*** SOURCE RECORDS ***
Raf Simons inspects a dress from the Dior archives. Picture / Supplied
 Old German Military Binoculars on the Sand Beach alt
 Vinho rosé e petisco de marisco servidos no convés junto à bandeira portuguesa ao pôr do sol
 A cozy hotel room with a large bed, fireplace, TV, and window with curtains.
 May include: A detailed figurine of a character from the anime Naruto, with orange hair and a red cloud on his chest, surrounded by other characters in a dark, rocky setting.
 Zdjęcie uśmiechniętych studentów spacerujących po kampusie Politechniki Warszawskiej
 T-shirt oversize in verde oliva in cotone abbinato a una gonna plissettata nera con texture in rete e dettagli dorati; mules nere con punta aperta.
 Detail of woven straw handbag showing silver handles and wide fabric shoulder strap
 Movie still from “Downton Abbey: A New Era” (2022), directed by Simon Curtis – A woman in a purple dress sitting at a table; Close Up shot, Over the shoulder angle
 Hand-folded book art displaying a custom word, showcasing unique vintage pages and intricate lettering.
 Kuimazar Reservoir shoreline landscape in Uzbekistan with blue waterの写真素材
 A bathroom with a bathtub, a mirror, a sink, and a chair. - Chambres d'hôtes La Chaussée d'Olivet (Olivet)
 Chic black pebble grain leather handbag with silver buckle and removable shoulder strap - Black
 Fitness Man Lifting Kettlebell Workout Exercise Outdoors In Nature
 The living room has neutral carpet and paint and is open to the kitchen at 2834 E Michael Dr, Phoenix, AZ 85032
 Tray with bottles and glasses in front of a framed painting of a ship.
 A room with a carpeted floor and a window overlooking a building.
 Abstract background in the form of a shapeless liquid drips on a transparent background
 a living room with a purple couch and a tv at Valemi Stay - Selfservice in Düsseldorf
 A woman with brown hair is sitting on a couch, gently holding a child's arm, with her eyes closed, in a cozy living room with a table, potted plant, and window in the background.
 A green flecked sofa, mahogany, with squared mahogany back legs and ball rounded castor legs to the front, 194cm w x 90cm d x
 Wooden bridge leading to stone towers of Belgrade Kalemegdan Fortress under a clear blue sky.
*** End of SOURCE RECORDS ***
→ ABOUT THIS TASK: Retype every line up to and including the one that contains "A cozy hotel", beginning at the first line of the records, with no edits.

→ PROBLEM SOLUTION:
Raf Simons inspects a dress from the Dior archives. Picture / Supplied
 Old German Military Binoculars on the Sand Beach alt
 Vinho rosé e petisco de marisco servidos no convés junto à bandeira portuguesa ao pôr do sol
 A cozy hotel room with a large bed, fireplace, TV, and window with curtains.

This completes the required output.